Durant plusieurs années, ils aurait abusé leurs victimes, parmi lesquelles deux couples aujourd'hui parties civiles, pour mener la vie de château. Entre Vichy (Allier) et Savigny-Lévescault (Vienne), le couple est soupçonné d'avoir soulagé les victimes de plusieurs dizaines de milliers d'euros tout en les incitant à consommer drogue et alcool.

Des victimes piégées via internet

C'est sur internet que tout se serait joué selon l'enquête. Si les faits jugés se sont déroulés entre 2015 et 2018, l'homme a en réalité alimenté des blogs durant plus d'une décennie. Sous le pseudo de Sir Shumule ou David Van Horn il y détaillait ses croyances. Des références mêlant mythologie nordique, paganisme, mais aussi suprémacisme blanc, voire antisémitisme note Jean-Yves Camus, spécialiste de l'extrême droite en France qui avait repéré plusieurs publications à l'époque.

Selon leurs témoignages, les victimes, fragilisées par le décès d'un proche ou un échec professionnel, et en quête de réponses seraient tombées sur ces publications où l'homme se présentait comme un "Gothi", un prêtre "païen" prêt à les initier à la mythologie nordique. Une initiation sur plusieurs années où les adeptes auraient été invités à stopper leurs études, à se couper de leurs proches et du monde extérieur jugés "toxiques". L'une des victimes va ainsi rompre les liens avec sa mère durant deux ans. Les femmes devaient s'occuper du foyer, et faire des enfants au nom de la race blanche note l'enquête, tandis que les hommes, eux, se devaient de s'habiller en aristocrates avec costumes, cannes à pommeau et chapeaux haut-de-forme. Des tatouages étaient aussi imposés aux membres du groupe.

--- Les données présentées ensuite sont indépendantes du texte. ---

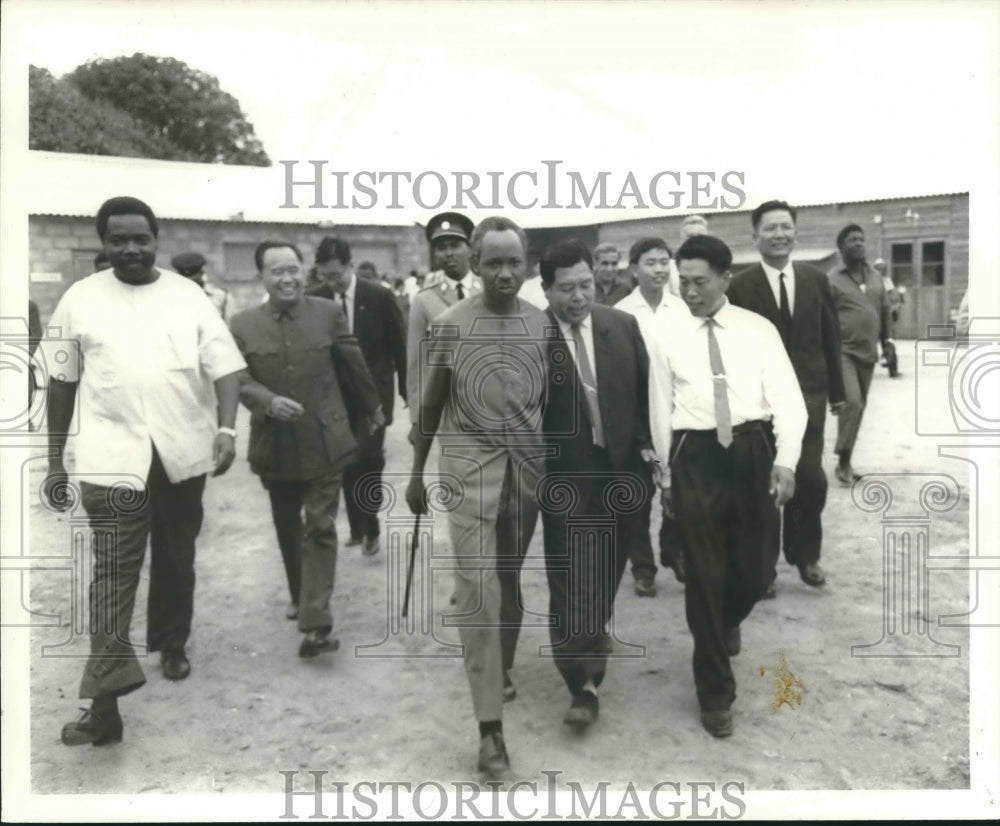 1972 Press Photo President Julius Nyerere of Tanzania, others tour project - Historic Images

Une initiation qui a un coût, ainsi 10% des revenus de chacun auraient été remis au maître de la communauté révèle l'enquête mais certains adeptes seraient allés beaucoup plus loin. L'un d'entre eux, aujourd'hui partie civile, aurait ainsi dilapidé un héritage de plusieurs dizaines de milliers d'euros pour louer le château de La Touche à Savigny-Lévescaut dans la Vienne (86). Un lieu pour installer la communauté, et organiser des rites sur fond d'alcool et de drogue selon les victimes mais aussi l'un des enfants du gourou présumé.

Si l'enquête n'a pas permis de décrire le fonctionnement d'une secte à proprement parler, l'homme de 51 ans est accusé d'avoir mis en œuvre des "mécanismes procédant des mêmes techniques de manipulation et ayant la même finalité".

Un "esprit brillant" au cœur du procès

La personnalité de ce quinquagénaire sera, à n'en pas douté, particulièrement scrutée au cours de l'audience de ce jeudi 6 juillet. Sa compagne comparaît pour le même motif, mais l'expertise psychologique décrit "une relation d'emprise et une soumission psychique et physique".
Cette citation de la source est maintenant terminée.